Protesters Blockade Film About Serb-Albanian Relations

Protesters carrying Serbian flags and chanting anti-Albanian slogans prevented the showing of a film about Serb-Albanian relations in the city of Nis.

Filip Rudic
Protesters in front of the Nis Media Centre. Photo: Maja Ledjenac/Beta.

Several dozen nationalists, including members of the banned far-right group Obraz, prevented the screening of a film called ‘Albanian Women Are Our Sisters’ in the southern Serbian city of Nis on Thursday evening.

While the protesters were waving Serbian flags outside the Media Centre, where the film was about to be shown, a few of them entered the building and started shouting at the organisers.
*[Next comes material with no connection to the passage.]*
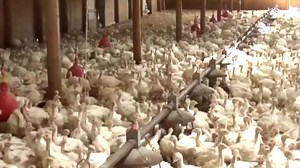 Inside the World of Modern Turkey Farms: From Hatching to Harvesting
“We forbid the projection of this pagan film. We will not allow this, you will all get beaten up and all of this [the Media Centre] will be trashed,” shouted a man in a military uniform who the media identified as Branislav Vakic, a former Serbian Radical Party MP.
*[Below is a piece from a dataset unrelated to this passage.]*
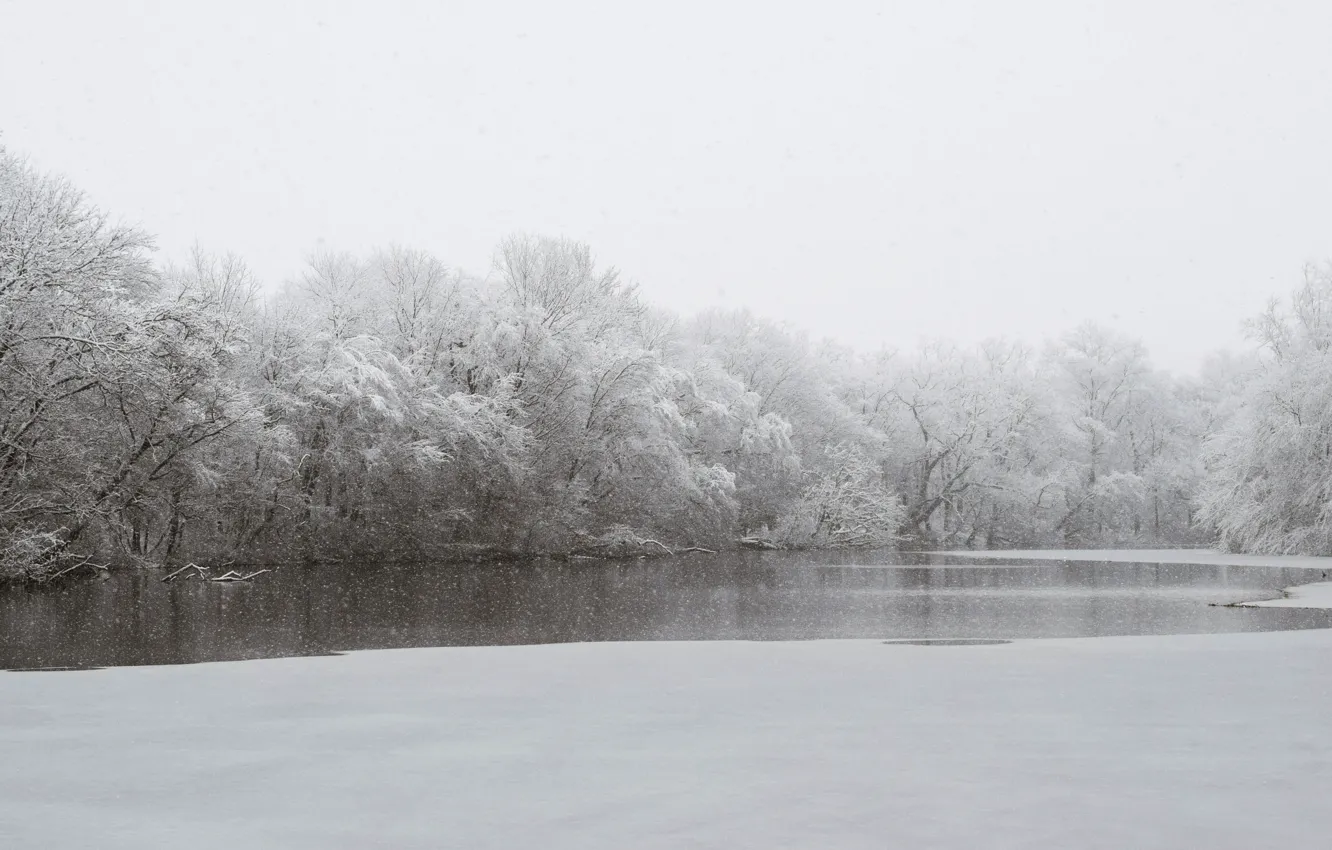 Фото обои river, trees, winter, snowing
“The police kept trying to calm him, instead of removing him from the premises right away. They showed him out when it was already clear that the projection was not going to happen,” said one of the film-makers, journalist Darko Sper.

Sper told BIRN that police were present inside and in front of the building, where between 30 and 40 people were “roaring out songs”.
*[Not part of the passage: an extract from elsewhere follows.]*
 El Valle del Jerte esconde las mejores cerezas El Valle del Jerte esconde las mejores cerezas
“At one point they started throwing dirt at the terrace, when we appeared there,” Sper said.

The police later denied that any objects were thrown during the incident.

Serbian media reported that the right-wing movement Obraz claimed responsibility for preventing the film screening show because of its “open hatred of Serbia and Serbian people”.

Obraz claimed that attempts to show this and similar films was an attempt by “anti-Serbian NGOs” to “change the awareness of Serbs”.

The right-wing organisation was banned in 2012 by Serbia’s Constitutional Court.

Dozens of far-right activists also tried to stop the showing of another film about life in Kosovo, entitled ‘Kosovo... Nazdravlje! Gezuar!’, in the northern Serbian city of Novi Sad on June 11.

Right-wingers also protested in Belgrade at the start of June against the festival ‘Miredita - Dobar Dan’, whose purpose is to bring the cultures of Serbia and Kosovo closer together.

‘Albanian Women Are Our Sisters’ was shown at the festival.

The film is about the NATO bombing of Yugoslavia in 1999, during the Kosovo war, and people in Serbia who are resisting mobilisation and organising anti-war protests.

Like ‘Kosovo... Nazdravlje! Gezuar!’, it is one of five films made as part of a project called ‘Real People – Real Solutions’, co-produced by BIRN Kosovo, the Independent Journalists’ Association of Vojvodina and the ZFD Forum, and supported by the EU Delegation in Serbia.